**Aim of the exercise:** Take the records below and set down exactly the lines from the one with "BKK LOVE'S ME KERAMISCH ORNAMENT" to the one with "Mk Morse MHSA40C", ends included; do not copy the pictures.
====
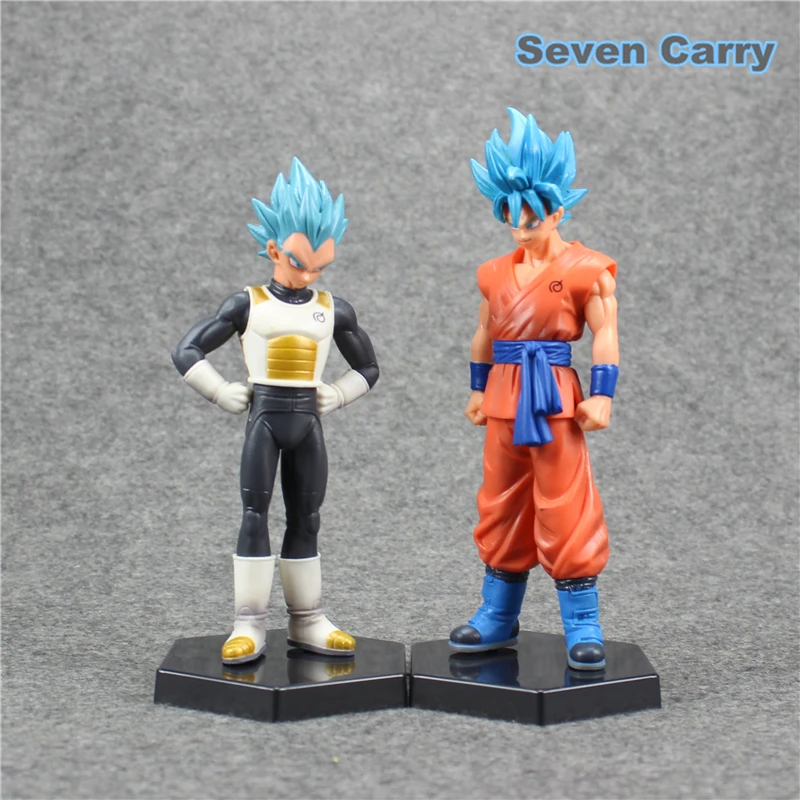Dragon Ball Z Resurrection F Son Gokou & Веджета супер сайян Бог ПВХ фигурка игрушки мальчики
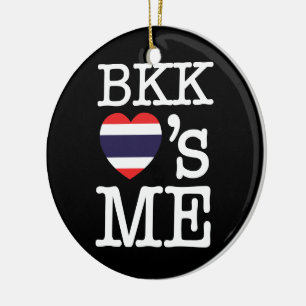 BKK LOVE'S ME KERAMISCH ORNAMENT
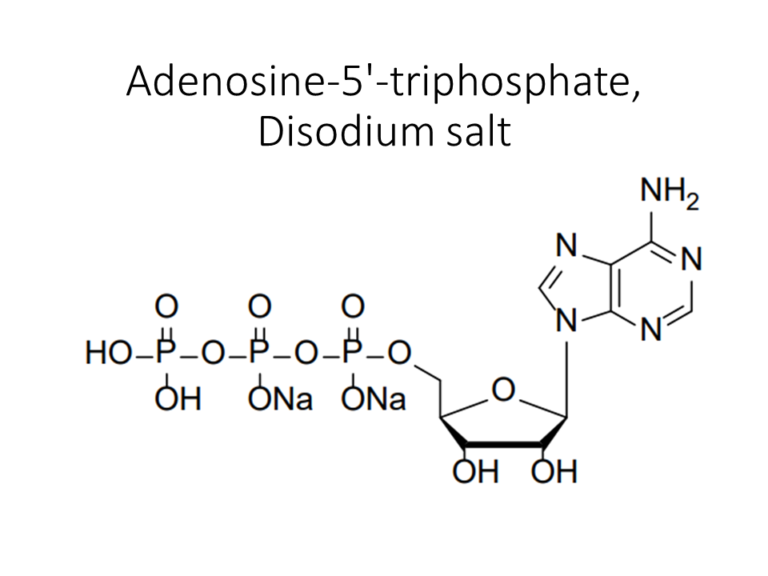 Adenosine Triphosphate Disodium Salt Akonscientific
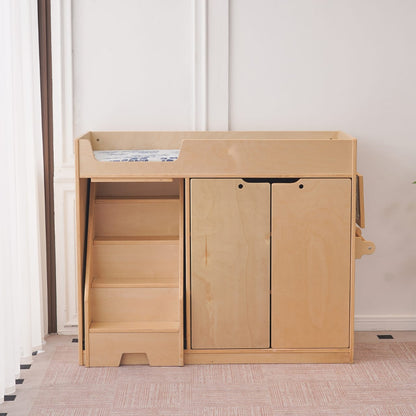 Ocean Change Table with Left side Stairs kinderhuis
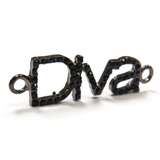 DIVA Rhinestone Connector; Black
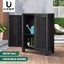 Livsip Outdoor Storage Cabinet Box Garden Cupboard Adjustable Lockable Black Carousel 1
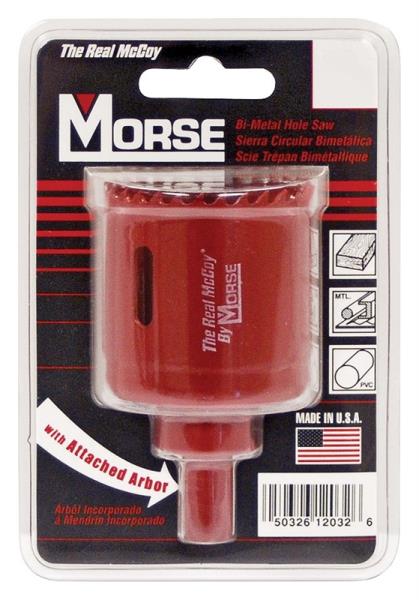 Mk Morse MHSA40C TAC40 Real McCoy Bi-Metal Hole Saw, Red, 2-1/2"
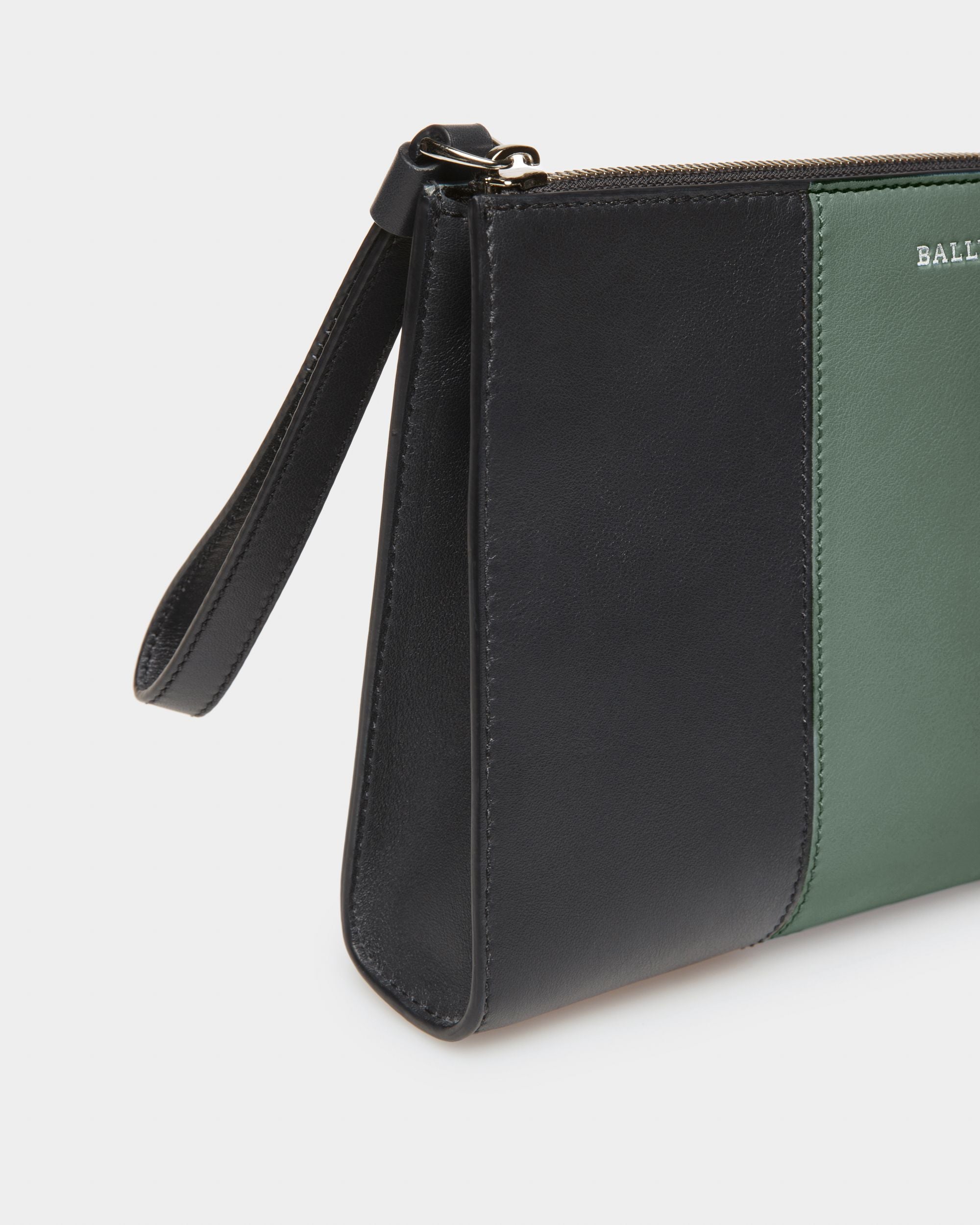 Haig Clutch In Pelle Nera E Verde - Uomo - Bally - 05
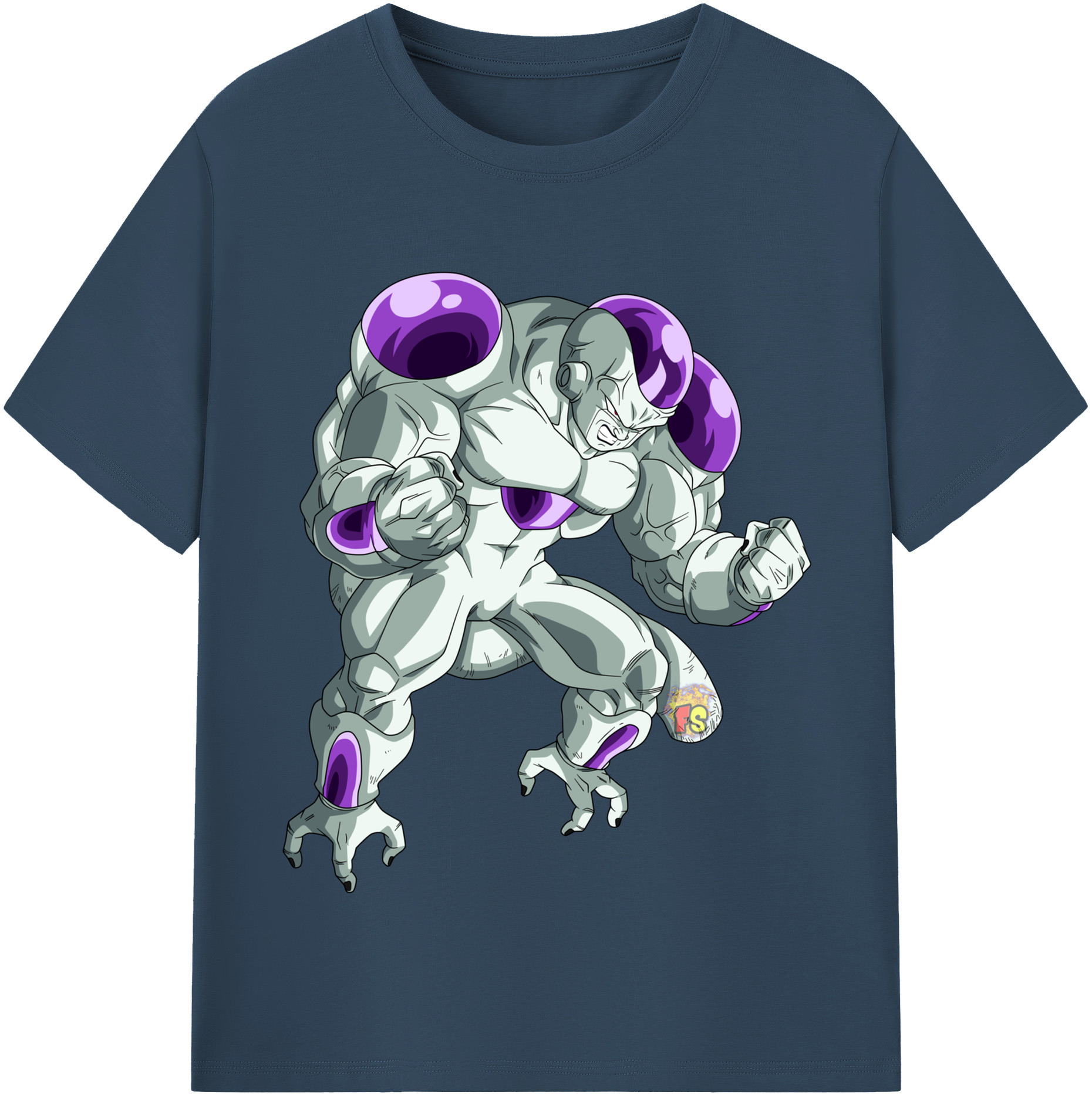 （画像用） ドラゴンボール フリーザ DRAGON BALL Frieza 綿100％半袖Tシャツ（フロントプリント）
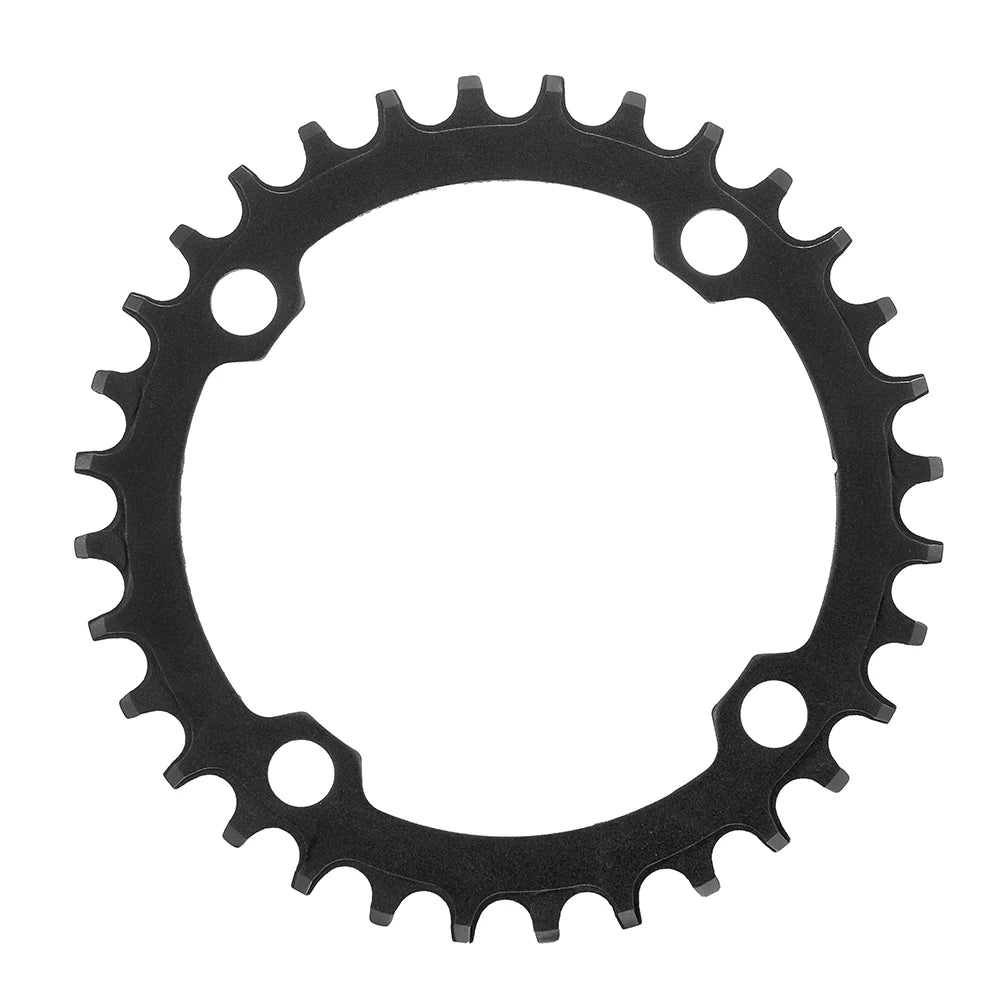 Bicycle Crank 104BCD Round Shape Narrow Wide 32T/34T/36T/38T MTB Chainring Bicycle Chainwheel Bike Circle Crankset Single Plate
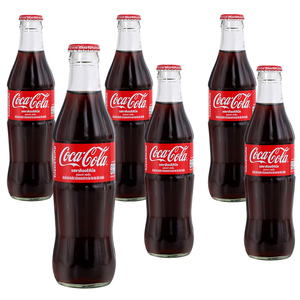 6瓶装泰国进口可口可乐玻璃瓶珍藏版碳酸饮料雪碧汽水限量收藏款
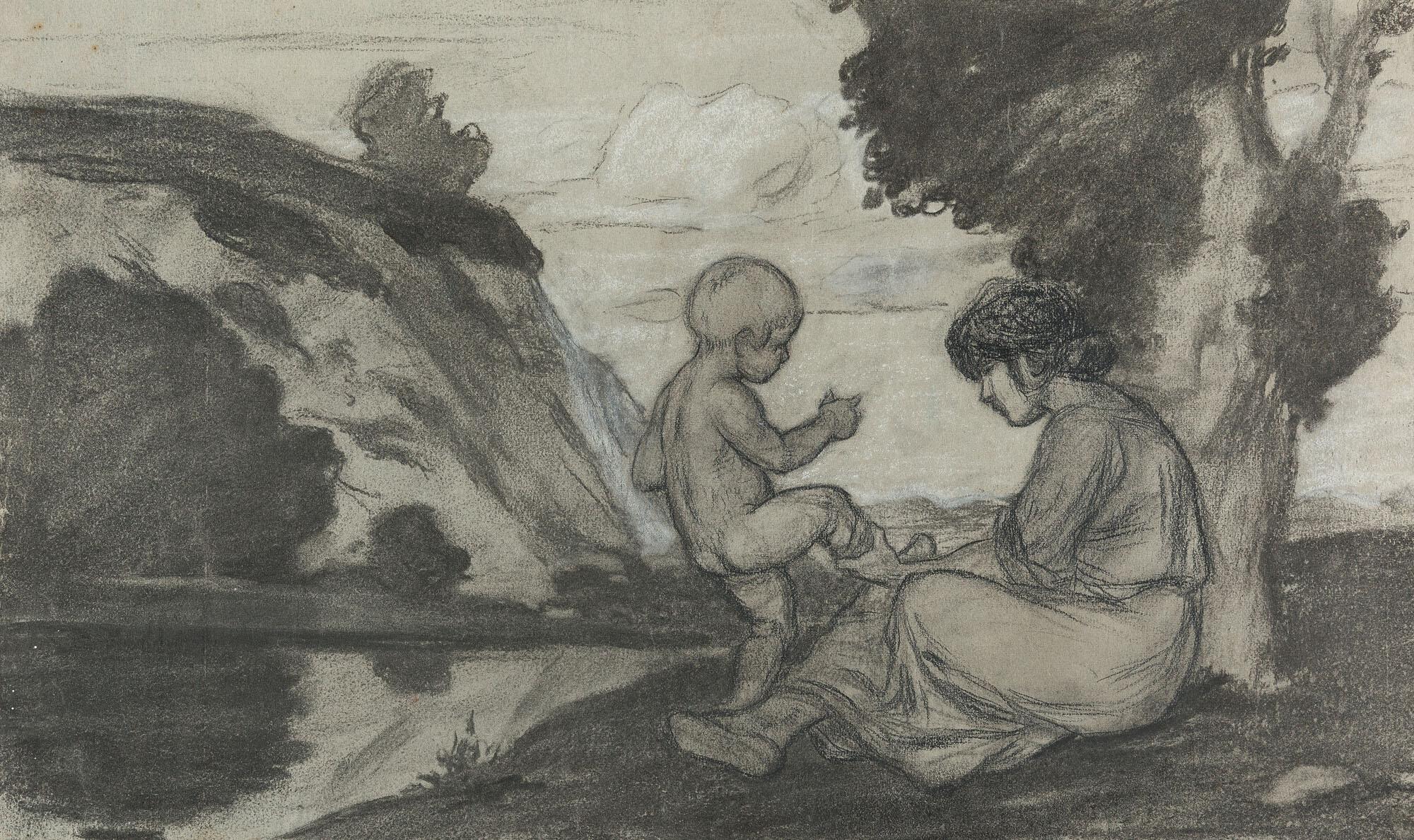 Ludwig von Zumbusch - Mutter mit Kind.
====
**Task answer:**
 BKK LOVE'S ME KERAMISCH ORNAMENT
 Adenosine Triphosphate Disodium Salt Akonscientific
 Ocean Change Table with Left side Stairs kinderhuis
 DIVA Rhinestone Connector; Black
 Livsip Outdoor Storage Cabinet Box Garden Cupboard Adjustable Lockable Black Carousel 1
 Mk Morse MHSA40C TAC40 Real McCoy Bi-Metal Hole Saw, Red, 2-1/2"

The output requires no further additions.